## Work required:
What you give back must match the records below exactly, apart from the pictures, which are omitted.

==========

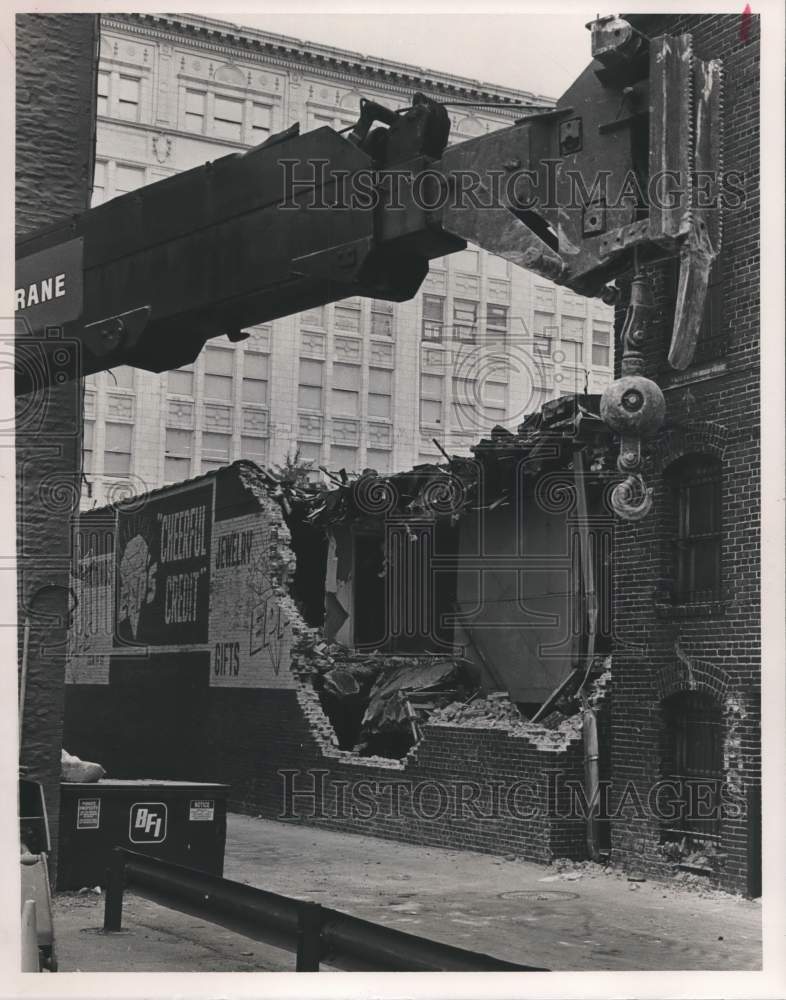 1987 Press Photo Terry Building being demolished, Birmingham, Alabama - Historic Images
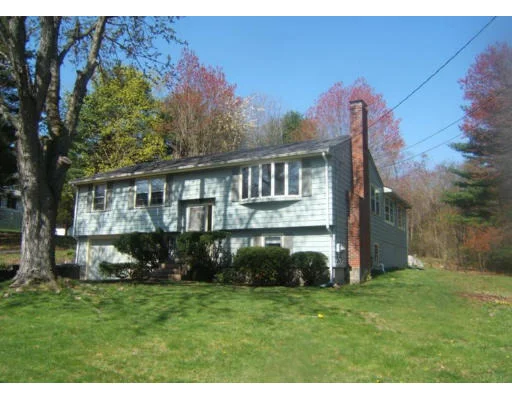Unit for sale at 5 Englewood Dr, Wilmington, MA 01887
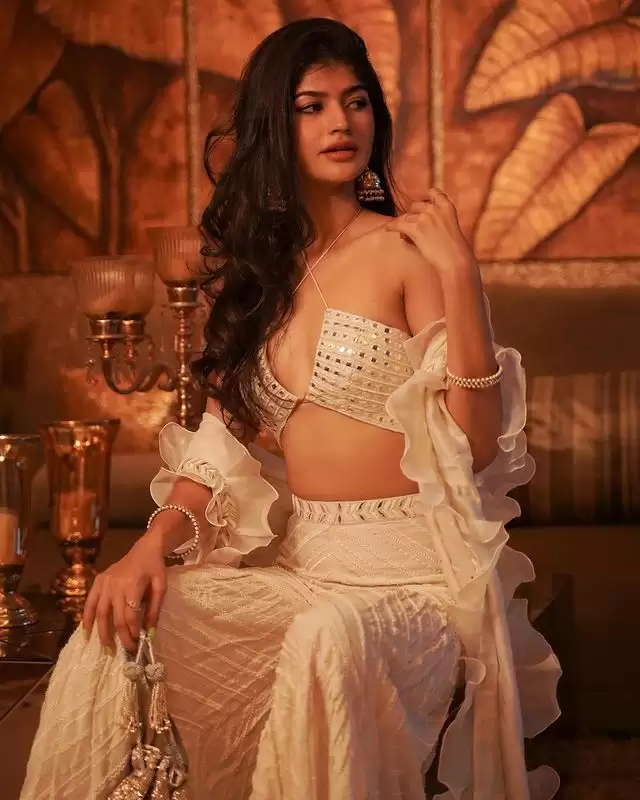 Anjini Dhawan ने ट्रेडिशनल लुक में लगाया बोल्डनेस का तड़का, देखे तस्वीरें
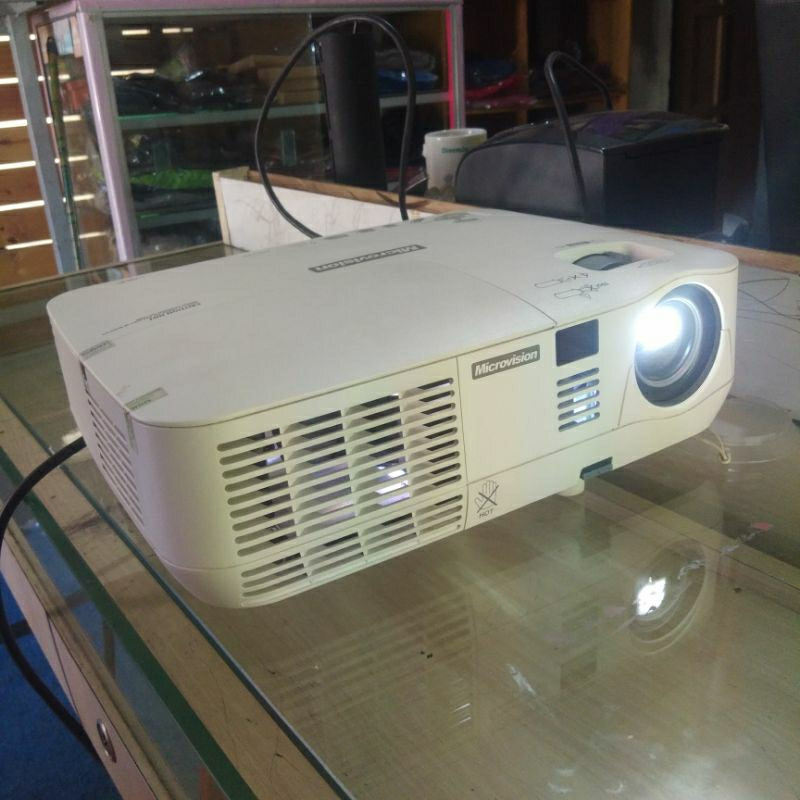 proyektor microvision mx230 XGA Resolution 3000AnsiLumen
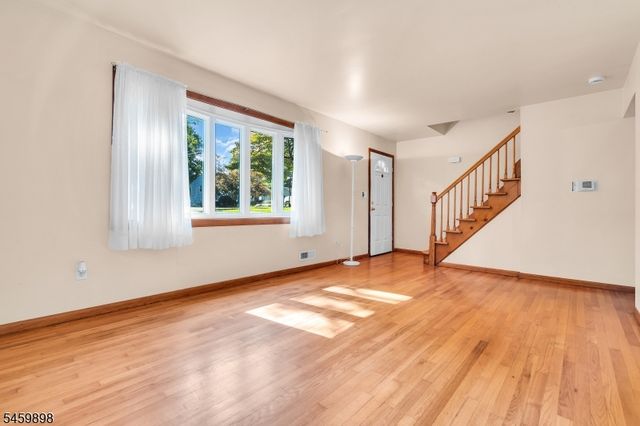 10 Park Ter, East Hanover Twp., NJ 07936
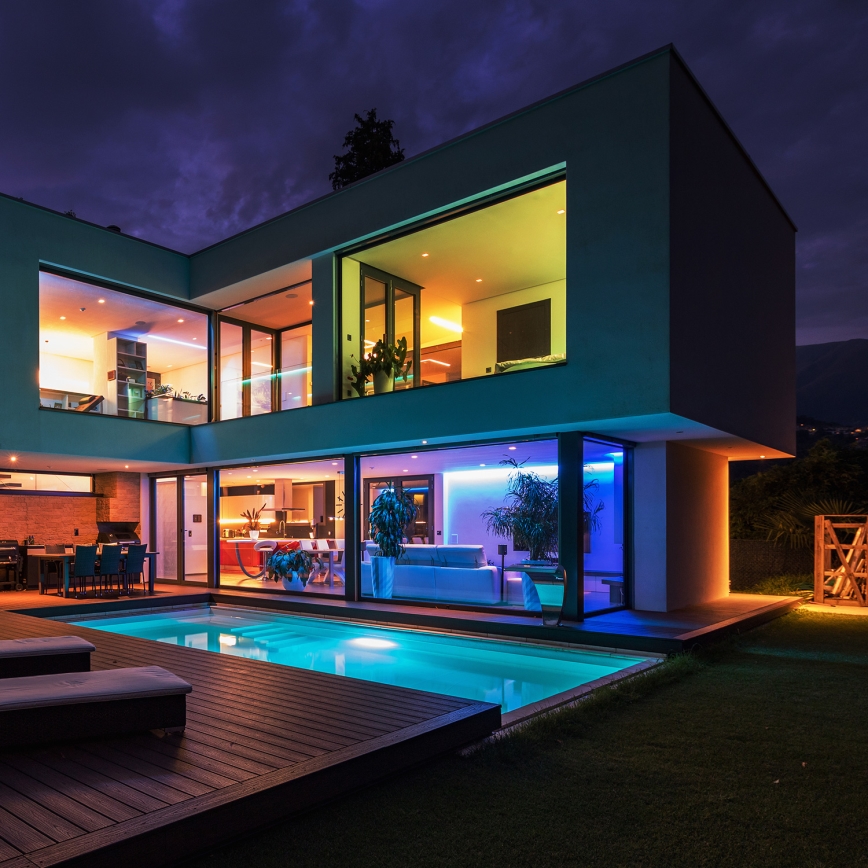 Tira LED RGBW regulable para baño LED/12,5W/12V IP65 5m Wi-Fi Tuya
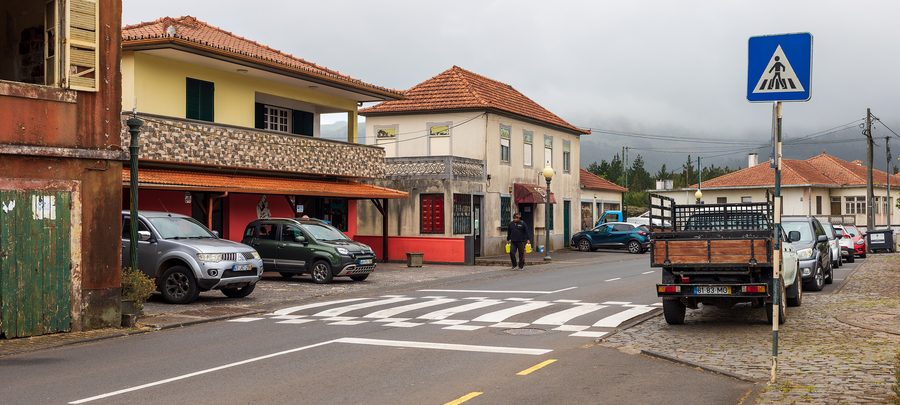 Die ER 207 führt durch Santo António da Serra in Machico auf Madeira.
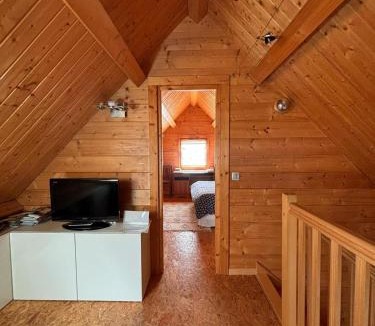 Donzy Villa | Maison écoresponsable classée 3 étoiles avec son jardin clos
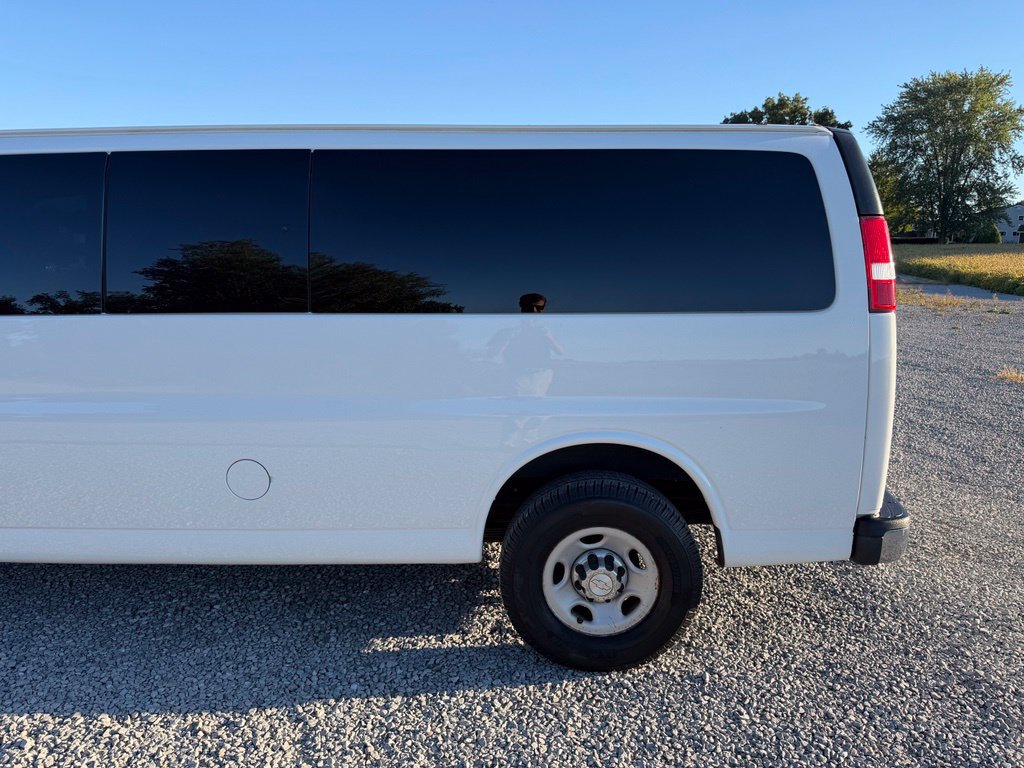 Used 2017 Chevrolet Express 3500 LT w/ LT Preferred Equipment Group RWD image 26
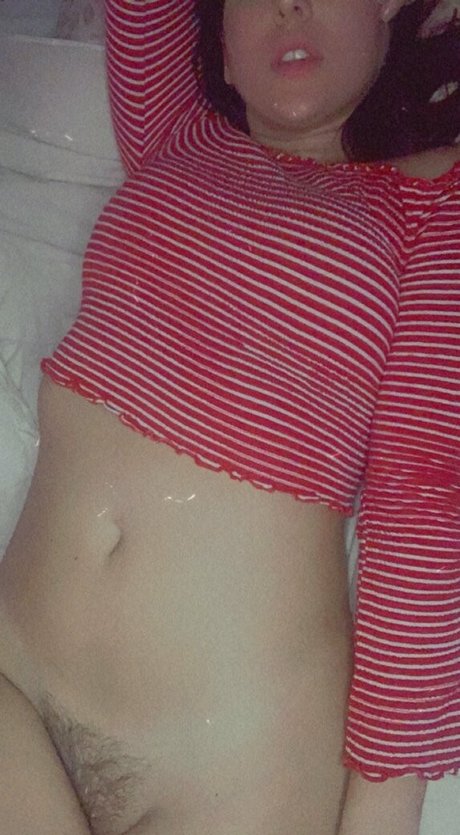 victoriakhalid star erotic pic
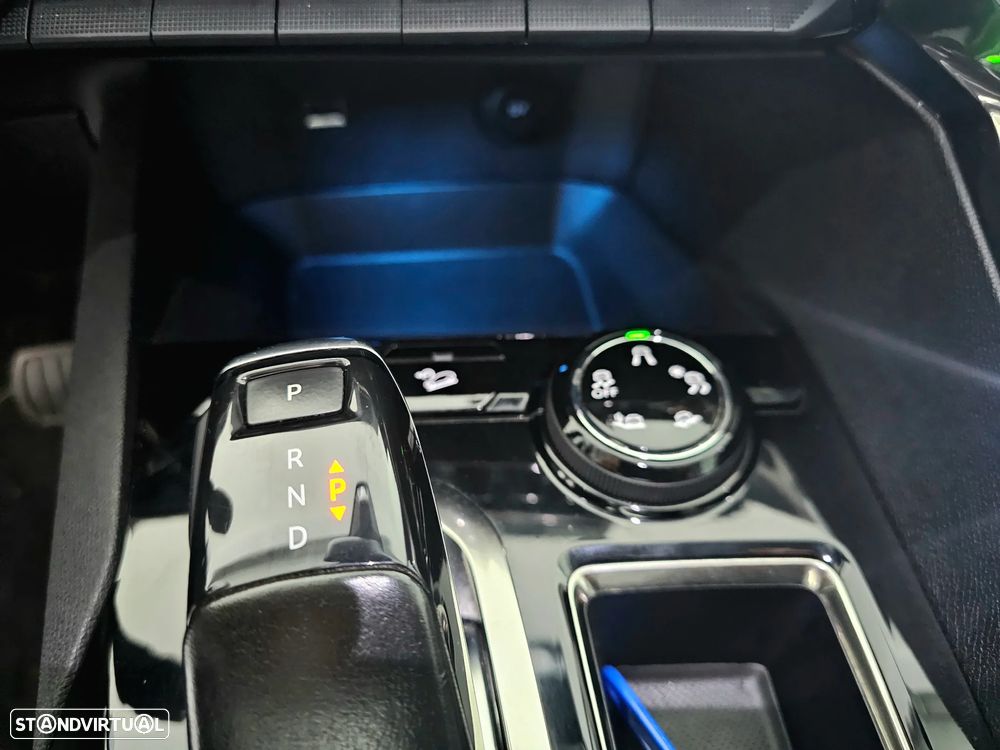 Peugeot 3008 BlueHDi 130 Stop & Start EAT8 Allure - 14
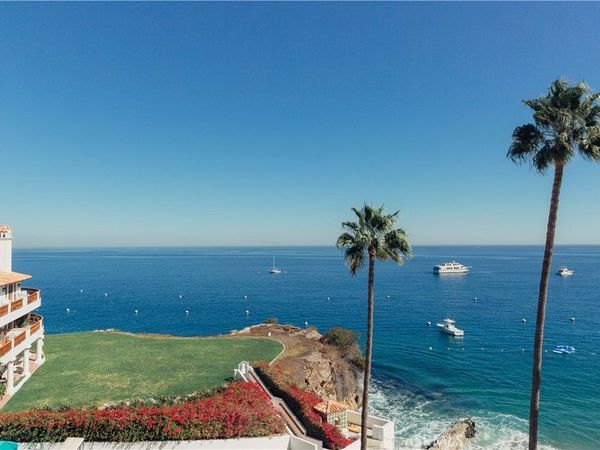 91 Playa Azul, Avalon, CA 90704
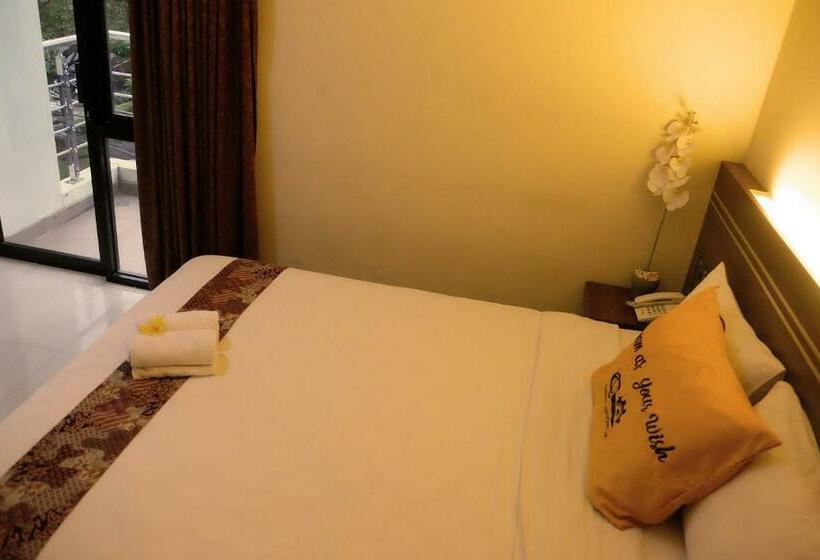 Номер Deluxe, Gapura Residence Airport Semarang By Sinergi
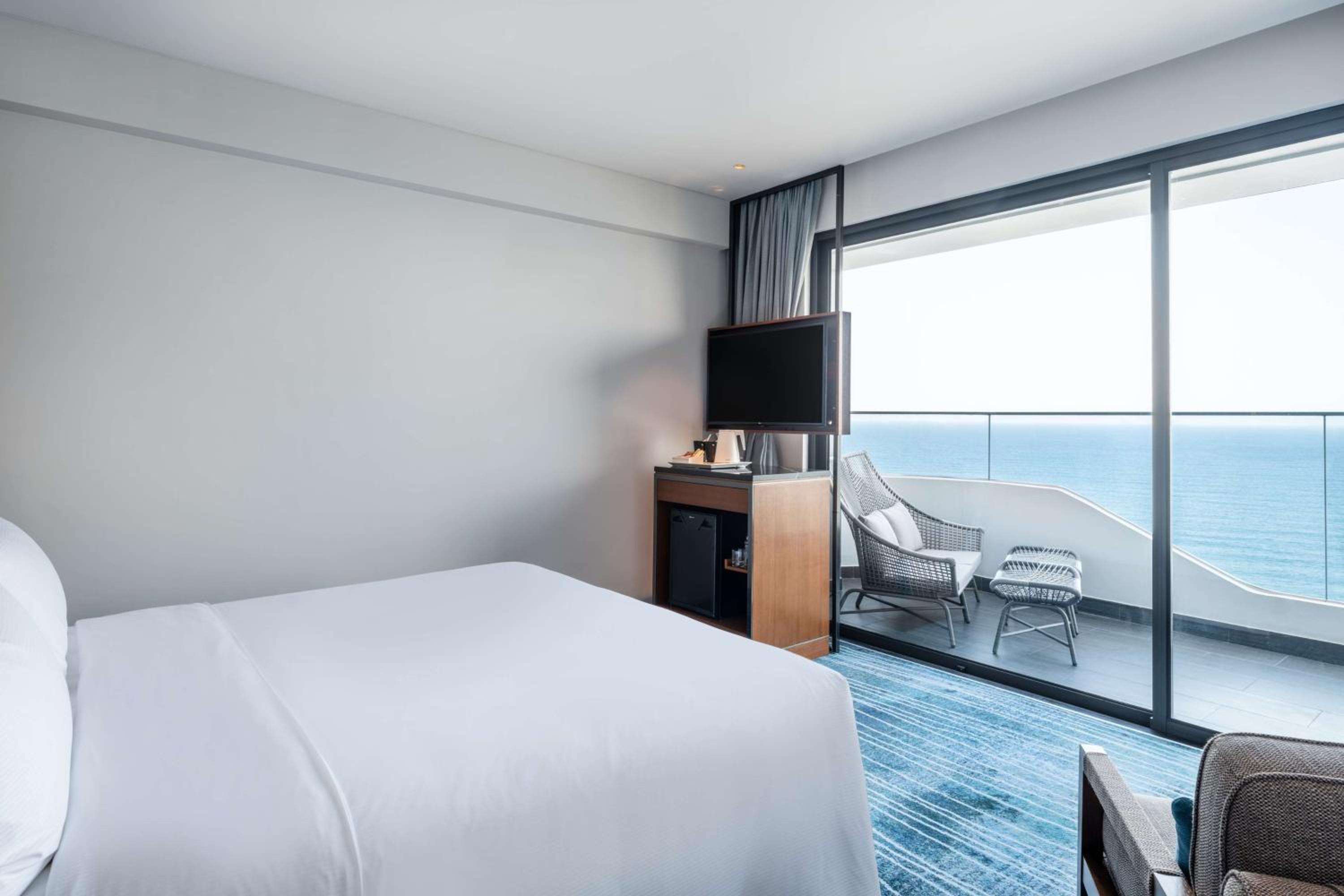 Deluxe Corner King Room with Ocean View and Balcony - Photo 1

==========

## Task response:
 1987 Press Photo Terry Building being demolished, Birmingham, Alabama - Historic Images
Unit for sale at 5 Englewood Dr, Wilmington, MA 01887
 Anjini Dhawan ने ट्रेडिशनल लुक में लगाया बोल्डनेस का तड़का, देखे तस्वीरें
 proyektor microvision mx230 XGA Resolution 3000AnsiLumen
 10 Park Ter, East Hanover Twp., NJ 07936
 Tira LED RGBW regulable para baño LED/12,5W/12V IP65 5m Wi-Fi Tuya
 Die ER 207 führt durch Santo António da Serra in Machico auf Madeira.
 Donzy Villa | Maison écoresponsable classée 3 étoiles avec son jardin clos
 Used 2017 Chevrolet Express 3500 LT w/ LT Preferred Equipment Group RWD image 26
 victoriakhalid star erotic pic
 Peugeot 3008 BlueHDi 130 Stop & Start EAT8 Allure - 14
 91 Playa Azul, Avalon, CA 90704
 Номер Deluxe, Gapura Residence Airport Semarang By Sinergi
 Deluxe Corner King Room with Ocean View and Balcony - Photo 1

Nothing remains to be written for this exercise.